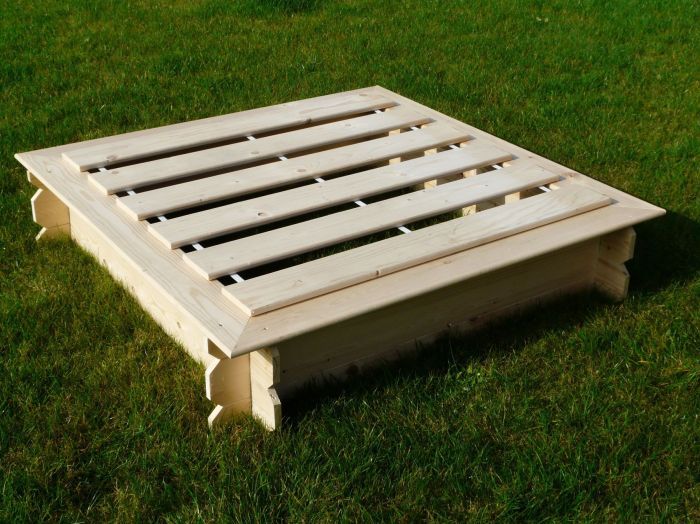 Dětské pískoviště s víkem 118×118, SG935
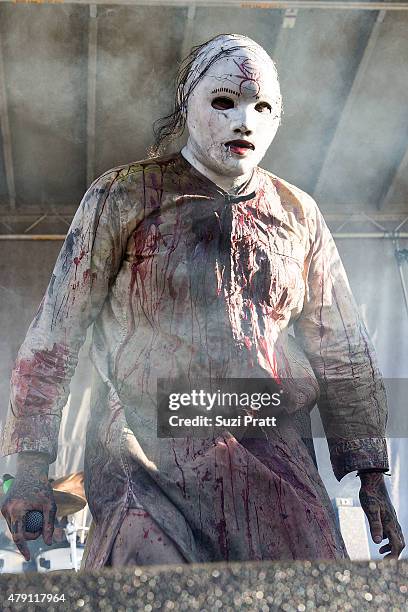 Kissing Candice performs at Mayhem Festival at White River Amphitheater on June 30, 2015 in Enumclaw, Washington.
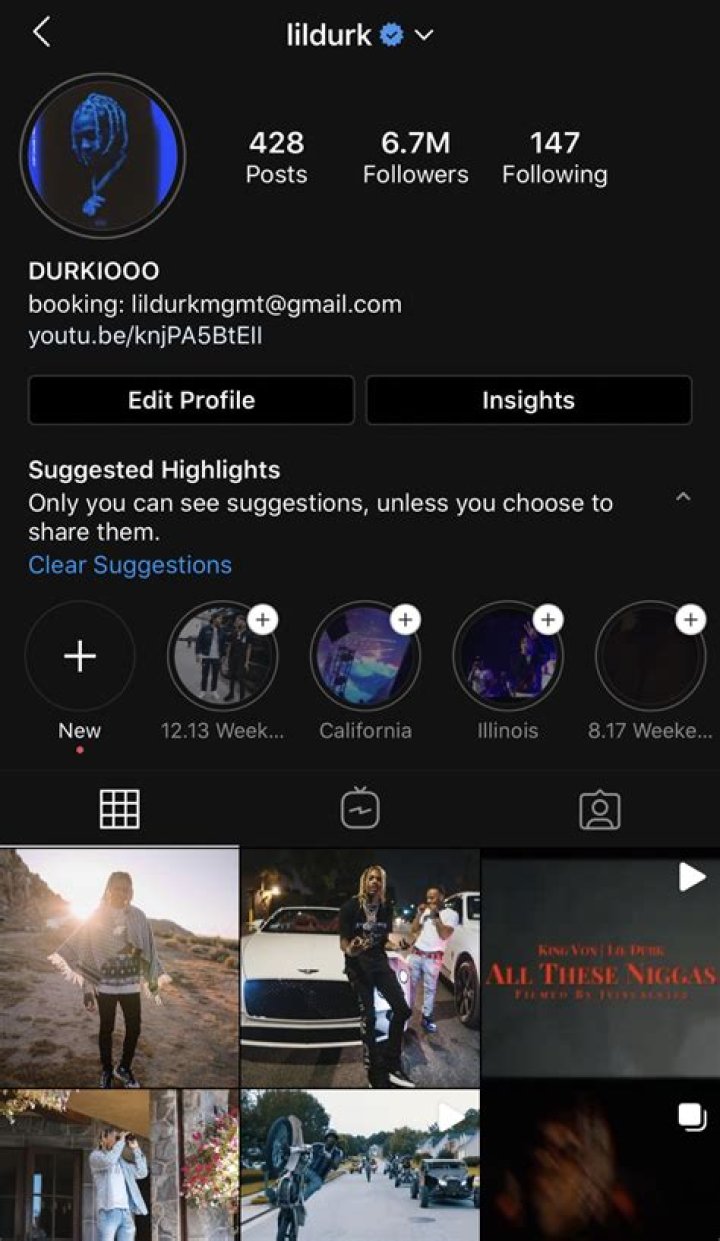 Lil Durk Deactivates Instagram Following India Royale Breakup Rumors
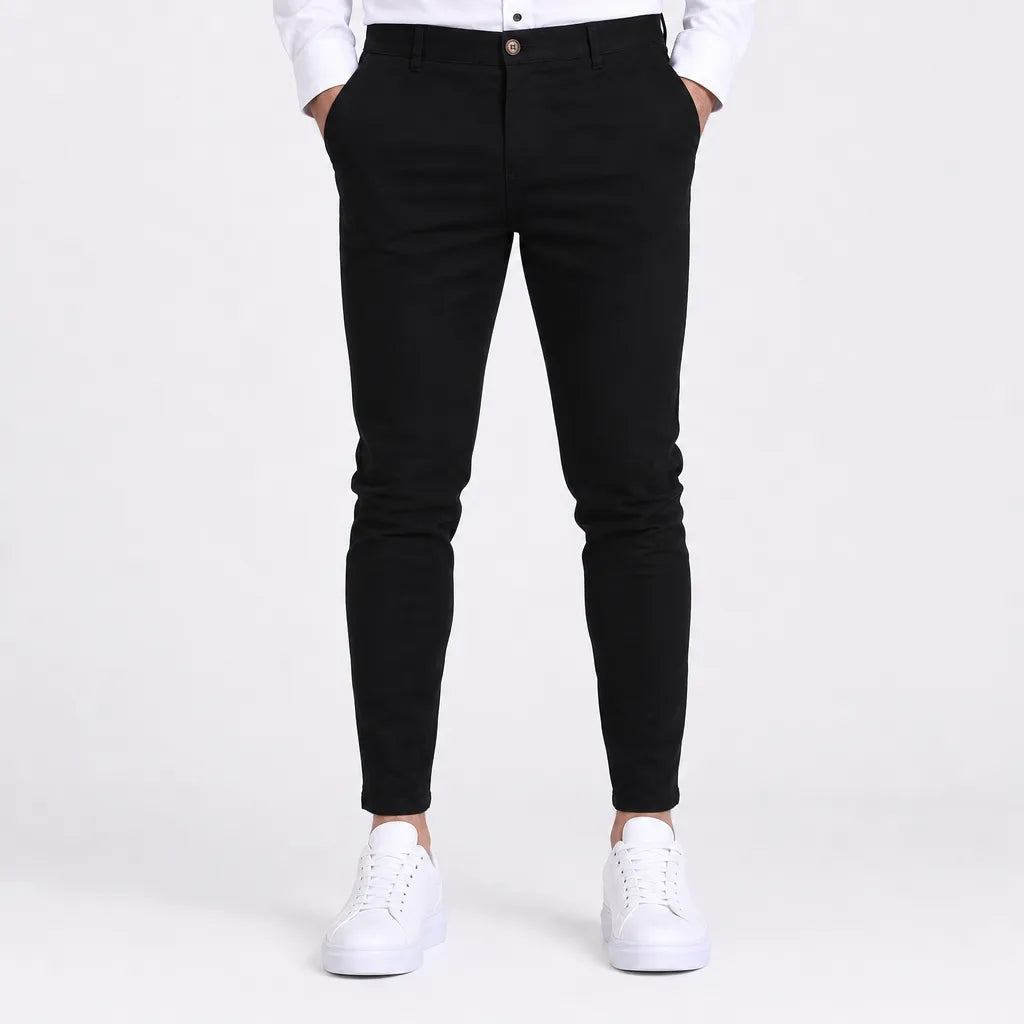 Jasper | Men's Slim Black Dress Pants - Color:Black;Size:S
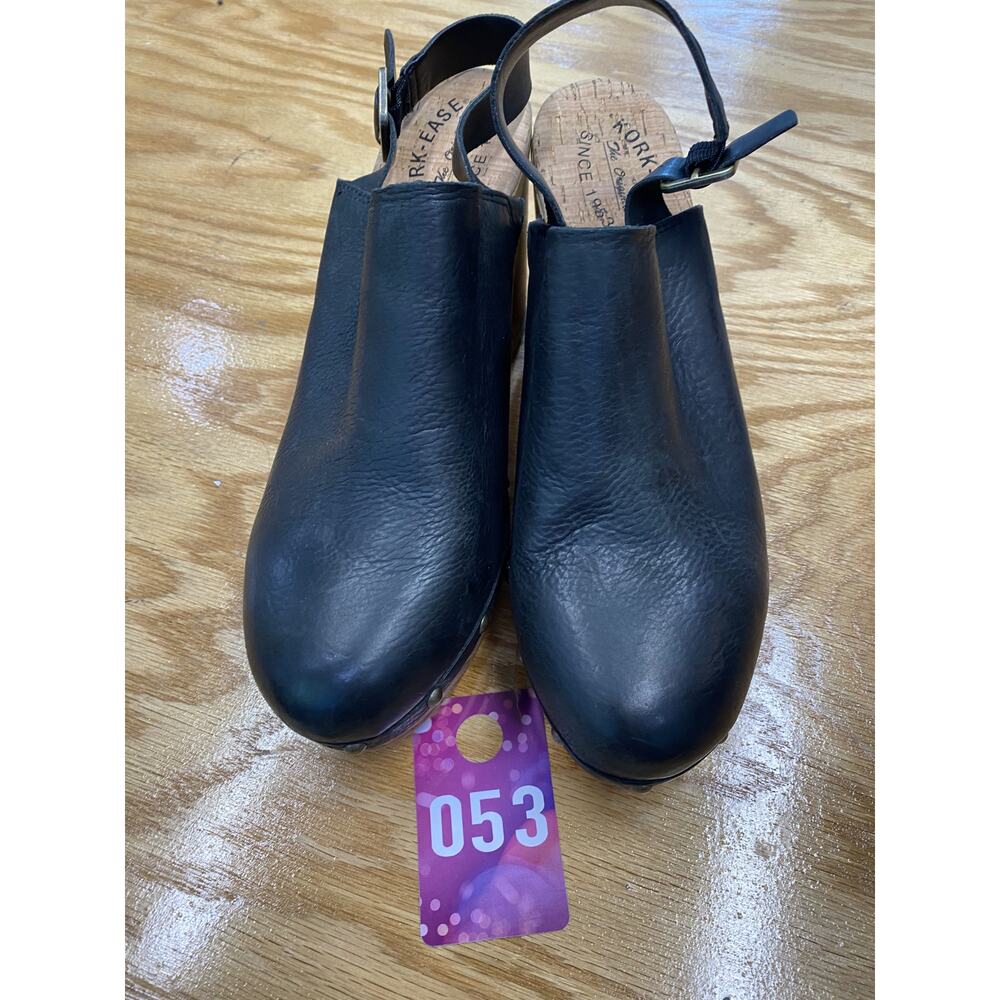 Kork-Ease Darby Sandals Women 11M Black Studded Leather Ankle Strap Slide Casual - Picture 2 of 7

____

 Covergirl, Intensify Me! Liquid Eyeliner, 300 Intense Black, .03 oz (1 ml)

____

__PROBLEM TO SOLVE__. Of the lines above, quote exactly those from the one with "Kissing Candice performs" through the one with "Kork-Ease Darby Sandals", ends included; pictures stay out.

__ANSWER TO THIS TASK__.
 Kissing Candice performs at Mayhem Festival at White River Amphitheater on June 30, 2015 in Enumclaw, Washington.
 Lil Durk Deactivates Instagram Following India Royale Breakup Rumors
 Jasper | Men's Slim Black Dress Pants - Color:Black;Size:S
 Kork-Ease Darby Sandals Women 11M Black Studded Leather Ankle Strap Slide Casual - Picture 2 of 7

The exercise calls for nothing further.